-------- RECORDS FOR THIS TASK
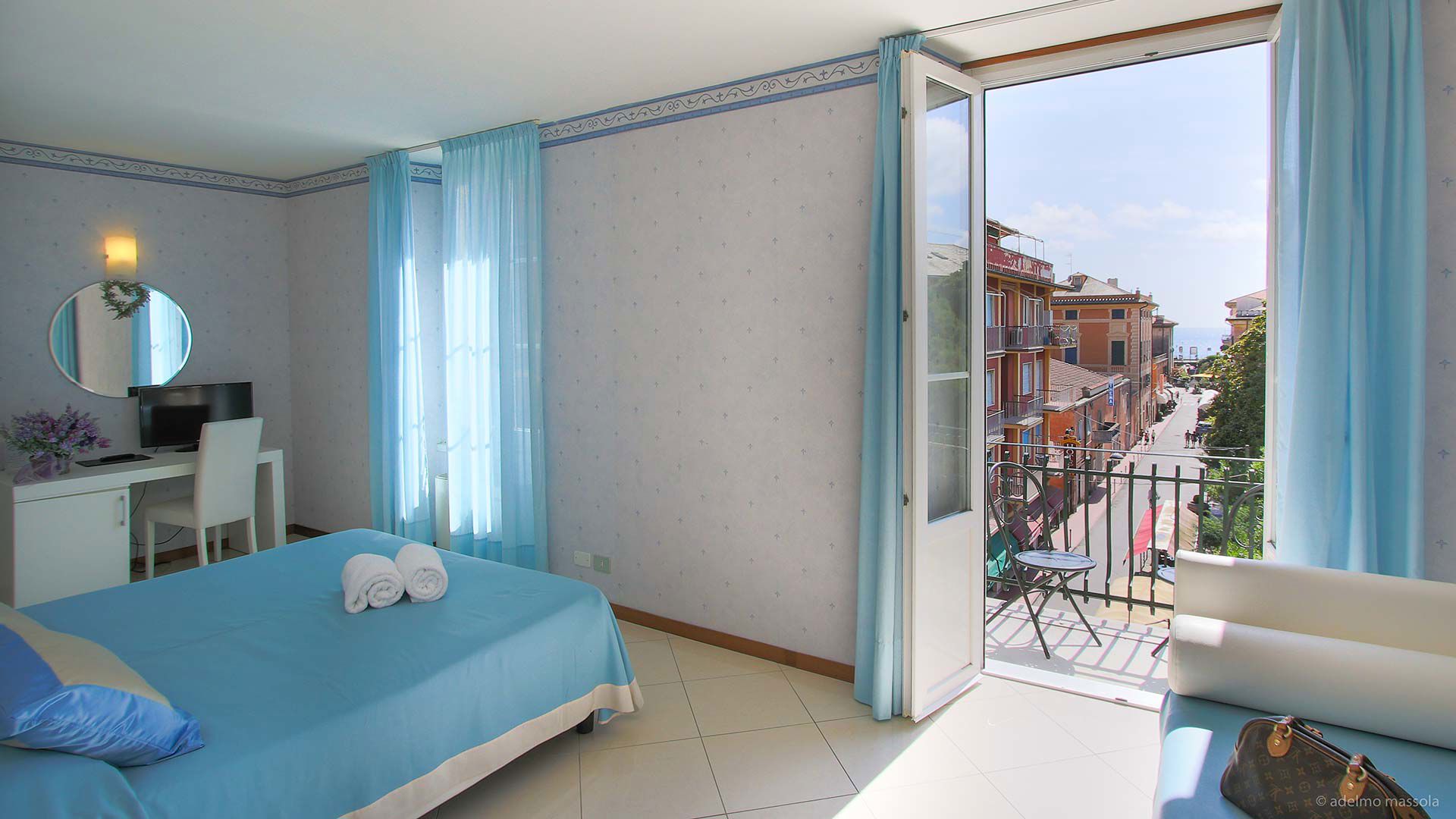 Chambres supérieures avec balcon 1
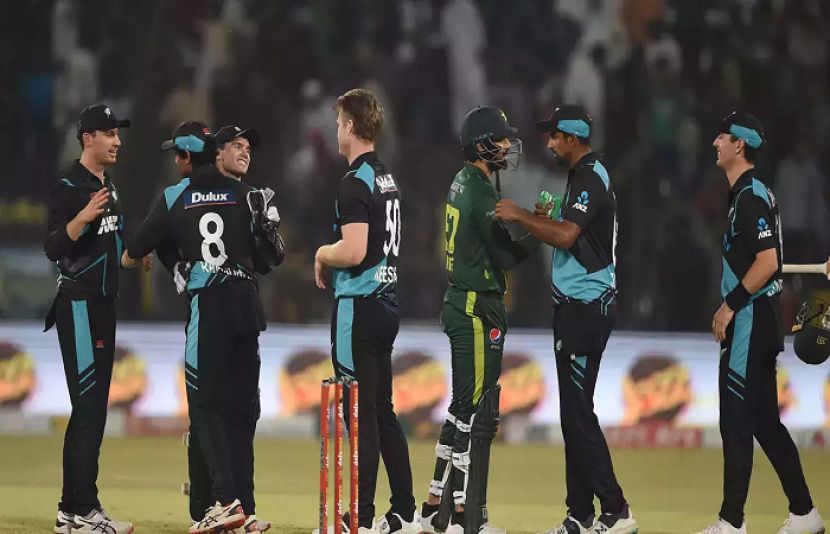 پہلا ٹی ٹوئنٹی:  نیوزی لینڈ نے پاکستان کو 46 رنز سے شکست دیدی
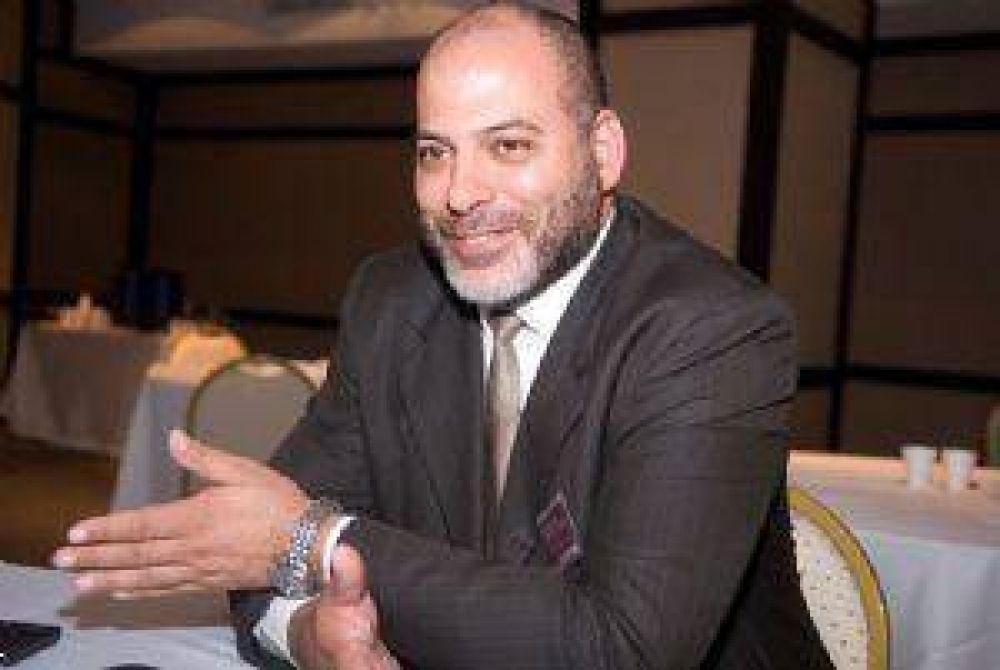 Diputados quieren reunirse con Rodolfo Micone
----------------
-------- RECORDS FOR THIS TASK
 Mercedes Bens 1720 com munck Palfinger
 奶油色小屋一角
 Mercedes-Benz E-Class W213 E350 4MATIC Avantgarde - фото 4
----------------
▶ **WHAT YOU ARE ASKED TO DO**
What you write out is the stretch of entries from the line containing "سے شکست دیدی" to the line containing "Diputados quieren reunirse", word for word, with both end lines and no pictures.

▶ **REPLY TO THE EXERCISE**
 پہلا ٹی ٹوئنٹی:  نیوزی لینڈ نے پاکستان کو 46 رنز سے شکست دیدی
 Diputados quieren reunirse con Rodolfo Micone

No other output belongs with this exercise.